# Pudelpointers



## CVHunter INACTIVE (May 28, 2013)

I am looking at getting a pudelpointer. I am about 90% convinced that this is the dog for my wife and I. I have been doing research and they seem like great dogs. 

The only problem is I have never been around one in person. I live in Logan and I am wondering if there is anyone near me who has one that I would be able to meet. 

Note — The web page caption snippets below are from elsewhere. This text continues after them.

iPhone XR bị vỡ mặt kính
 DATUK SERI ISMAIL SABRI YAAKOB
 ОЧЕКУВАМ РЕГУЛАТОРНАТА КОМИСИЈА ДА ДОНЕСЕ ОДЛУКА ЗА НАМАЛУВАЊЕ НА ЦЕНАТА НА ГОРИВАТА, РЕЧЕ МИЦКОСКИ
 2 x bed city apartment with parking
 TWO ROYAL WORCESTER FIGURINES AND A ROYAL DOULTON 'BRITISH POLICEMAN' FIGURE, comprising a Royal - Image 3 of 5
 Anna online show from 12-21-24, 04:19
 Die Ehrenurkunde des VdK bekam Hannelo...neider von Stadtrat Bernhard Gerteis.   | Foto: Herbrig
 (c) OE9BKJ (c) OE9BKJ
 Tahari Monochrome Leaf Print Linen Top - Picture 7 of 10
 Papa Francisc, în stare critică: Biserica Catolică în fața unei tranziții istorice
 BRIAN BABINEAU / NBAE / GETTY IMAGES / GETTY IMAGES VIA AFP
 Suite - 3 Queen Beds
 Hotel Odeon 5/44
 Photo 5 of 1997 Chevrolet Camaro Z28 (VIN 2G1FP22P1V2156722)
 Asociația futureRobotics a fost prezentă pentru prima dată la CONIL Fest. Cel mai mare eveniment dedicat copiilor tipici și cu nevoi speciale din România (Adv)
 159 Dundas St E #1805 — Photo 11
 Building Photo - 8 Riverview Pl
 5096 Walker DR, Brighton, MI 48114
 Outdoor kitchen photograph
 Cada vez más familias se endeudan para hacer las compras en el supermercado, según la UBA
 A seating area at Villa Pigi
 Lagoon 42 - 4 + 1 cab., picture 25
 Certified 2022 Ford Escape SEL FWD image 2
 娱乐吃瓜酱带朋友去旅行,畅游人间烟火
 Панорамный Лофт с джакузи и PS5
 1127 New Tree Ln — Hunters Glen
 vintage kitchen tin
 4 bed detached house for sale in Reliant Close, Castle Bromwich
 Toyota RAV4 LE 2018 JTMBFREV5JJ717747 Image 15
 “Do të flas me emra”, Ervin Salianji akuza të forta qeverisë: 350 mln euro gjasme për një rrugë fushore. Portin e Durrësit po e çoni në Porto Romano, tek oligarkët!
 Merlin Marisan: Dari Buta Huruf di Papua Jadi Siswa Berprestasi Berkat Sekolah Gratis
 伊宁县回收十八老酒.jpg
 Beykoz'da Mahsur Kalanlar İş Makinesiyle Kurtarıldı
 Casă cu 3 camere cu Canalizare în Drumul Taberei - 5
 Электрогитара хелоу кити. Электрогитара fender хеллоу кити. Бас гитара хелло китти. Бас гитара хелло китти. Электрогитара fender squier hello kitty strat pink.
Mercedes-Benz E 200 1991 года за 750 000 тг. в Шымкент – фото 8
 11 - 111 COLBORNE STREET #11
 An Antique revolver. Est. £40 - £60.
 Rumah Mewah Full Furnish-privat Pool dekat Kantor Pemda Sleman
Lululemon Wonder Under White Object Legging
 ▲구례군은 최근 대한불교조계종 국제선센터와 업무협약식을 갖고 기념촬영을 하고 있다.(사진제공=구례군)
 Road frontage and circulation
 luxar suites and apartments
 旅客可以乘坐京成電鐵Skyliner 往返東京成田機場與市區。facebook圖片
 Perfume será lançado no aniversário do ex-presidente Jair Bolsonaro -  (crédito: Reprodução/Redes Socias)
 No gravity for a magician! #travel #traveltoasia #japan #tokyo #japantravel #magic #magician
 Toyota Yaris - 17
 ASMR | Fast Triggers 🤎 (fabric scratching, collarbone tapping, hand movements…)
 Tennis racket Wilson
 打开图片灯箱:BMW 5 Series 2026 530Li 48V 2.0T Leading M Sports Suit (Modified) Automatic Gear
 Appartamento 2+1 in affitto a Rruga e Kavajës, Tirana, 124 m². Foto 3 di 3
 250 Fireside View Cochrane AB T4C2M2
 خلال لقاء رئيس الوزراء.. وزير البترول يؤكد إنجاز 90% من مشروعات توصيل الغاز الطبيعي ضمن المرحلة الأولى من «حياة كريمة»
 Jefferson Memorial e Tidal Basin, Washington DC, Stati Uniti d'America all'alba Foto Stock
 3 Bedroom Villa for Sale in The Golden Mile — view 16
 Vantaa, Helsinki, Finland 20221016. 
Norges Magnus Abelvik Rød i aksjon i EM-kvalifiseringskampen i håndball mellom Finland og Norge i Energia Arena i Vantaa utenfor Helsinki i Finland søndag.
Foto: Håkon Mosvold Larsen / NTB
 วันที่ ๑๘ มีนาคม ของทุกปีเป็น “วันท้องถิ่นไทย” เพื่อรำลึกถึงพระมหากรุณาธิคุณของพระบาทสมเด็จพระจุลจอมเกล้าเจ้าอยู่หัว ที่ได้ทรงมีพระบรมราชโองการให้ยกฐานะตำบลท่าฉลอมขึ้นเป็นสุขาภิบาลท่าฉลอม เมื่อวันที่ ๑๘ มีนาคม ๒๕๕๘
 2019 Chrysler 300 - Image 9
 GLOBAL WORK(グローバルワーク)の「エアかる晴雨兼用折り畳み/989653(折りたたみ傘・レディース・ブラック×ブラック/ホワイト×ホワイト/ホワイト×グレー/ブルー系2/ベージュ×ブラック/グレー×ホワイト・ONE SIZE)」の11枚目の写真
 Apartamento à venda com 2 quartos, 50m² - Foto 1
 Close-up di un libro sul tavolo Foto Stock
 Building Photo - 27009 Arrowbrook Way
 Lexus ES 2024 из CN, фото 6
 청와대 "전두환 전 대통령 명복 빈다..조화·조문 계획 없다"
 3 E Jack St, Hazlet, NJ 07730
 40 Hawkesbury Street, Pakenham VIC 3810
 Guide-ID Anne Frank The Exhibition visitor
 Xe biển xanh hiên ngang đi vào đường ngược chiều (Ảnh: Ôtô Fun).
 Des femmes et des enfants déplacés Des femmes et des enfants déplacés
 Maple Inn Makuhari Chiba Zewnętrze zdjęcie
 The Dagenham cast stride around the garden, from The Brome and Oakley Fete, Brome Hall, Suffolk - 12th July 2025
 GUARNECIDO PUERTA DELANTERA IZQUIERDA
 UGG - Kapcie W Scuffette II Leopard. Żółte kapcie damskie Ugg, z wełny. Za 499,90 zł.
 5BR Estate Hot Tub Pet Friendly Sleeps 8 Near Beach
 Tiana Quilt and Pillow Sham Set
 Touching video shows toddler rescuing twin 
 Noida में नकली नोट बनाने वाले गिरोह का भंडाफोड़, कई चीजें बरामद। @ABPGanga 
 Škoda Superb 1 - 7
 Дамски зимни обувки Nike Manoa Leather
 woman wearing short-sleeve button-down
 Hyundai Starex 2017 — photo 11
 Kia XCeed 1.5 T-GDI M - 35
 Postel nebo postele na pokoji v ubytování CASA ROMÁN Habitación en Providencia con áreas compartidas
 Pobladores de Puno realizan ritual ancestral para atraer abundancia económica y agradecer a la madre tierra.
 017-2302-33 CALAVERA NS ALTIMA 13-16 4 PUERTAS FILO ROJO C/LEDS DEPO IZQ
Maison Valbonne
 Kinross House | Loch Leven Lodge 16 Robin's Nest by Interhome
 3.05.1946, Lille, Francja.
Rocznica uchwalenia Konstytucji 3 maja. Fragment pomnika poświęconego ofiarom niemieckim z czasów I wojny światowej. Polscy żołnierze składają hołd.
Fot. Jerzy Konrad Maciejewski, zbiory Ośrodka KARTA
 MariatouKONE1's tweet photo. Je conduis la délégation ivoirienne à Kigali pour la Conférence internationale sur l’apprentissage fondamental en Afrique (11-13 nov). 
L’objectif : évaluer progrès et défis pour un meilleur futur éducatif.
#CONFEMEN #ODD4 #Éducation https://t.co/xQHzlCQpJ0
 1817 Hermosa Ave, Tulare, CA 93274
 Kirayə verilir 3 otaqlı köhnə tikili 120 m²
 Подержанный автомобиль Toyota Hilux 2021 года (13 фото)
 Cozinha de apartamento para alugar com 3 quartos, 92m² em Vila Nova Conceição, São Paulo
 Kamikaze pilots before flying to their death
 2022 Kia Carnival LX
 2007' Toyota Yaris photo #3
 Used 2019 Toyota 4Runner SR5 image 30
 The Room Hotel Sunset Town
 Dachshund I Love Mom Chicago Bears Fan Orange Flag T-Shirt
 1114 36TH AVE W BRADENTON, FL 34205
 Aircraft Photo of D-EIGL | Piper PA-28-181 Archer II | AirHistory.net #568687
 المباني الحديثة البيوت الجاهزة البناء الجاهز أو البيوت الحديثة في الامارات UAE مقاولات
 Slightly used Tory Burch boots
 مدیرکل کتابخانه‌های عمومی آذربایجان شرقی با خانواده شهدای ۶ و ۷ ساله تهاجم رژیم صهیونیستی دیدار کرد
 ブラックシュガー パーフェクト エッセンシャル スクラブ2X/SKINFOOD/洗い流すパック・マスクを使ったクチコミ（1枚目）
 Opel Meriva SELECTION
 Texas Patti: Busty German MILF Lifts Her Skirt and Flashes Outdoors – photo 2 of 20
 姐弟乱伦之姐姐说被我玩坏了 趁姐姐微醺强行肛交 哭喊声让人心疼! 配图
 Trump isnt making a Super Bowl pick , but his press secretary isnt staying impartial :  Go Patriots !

Thanks in advance to anyone who would be willing to help me out.


----------



## cornerfinder (Dec 4, 2008)




----------



## CVHunter INACTIVE (May 28, 2013)

WOW that's creative. Thanks for the help. Your like a child.


----------



## CVHunter INACTIVE (May 28, 2013)

Also I would never have thought super man would have such lady like hands.


----------



## adamsoa (Oct 29, 2007)

Great dogs, I've had a couple. Awesome with kids.


----------



## Packfish (Oct 30, 2007)

PM me- I have tried to send a PM twice- I do not see that they went-


----------



## Critter (Mar 20, 2010)

Packfish said:


> PM me- I have tried to send a PM twice- I do not see that they went-


The PM's are being sent but if you want a copy in your sent items box then you need to set up a option to do it. Check out this thread to set up the option to save them.

http://utahwildlife.net/forum/49-utahwildlife-help-desk/43569-pm-problems.html


----------



## cornerfinder (Dec 4, 2008)

you know that's funny. :grin::grin:>>O:grin:


----------



## Packfish (Oct 30, 2007)

Actually it is semi humorous- but after so many times you just start calling them- one of them there German dogs


----------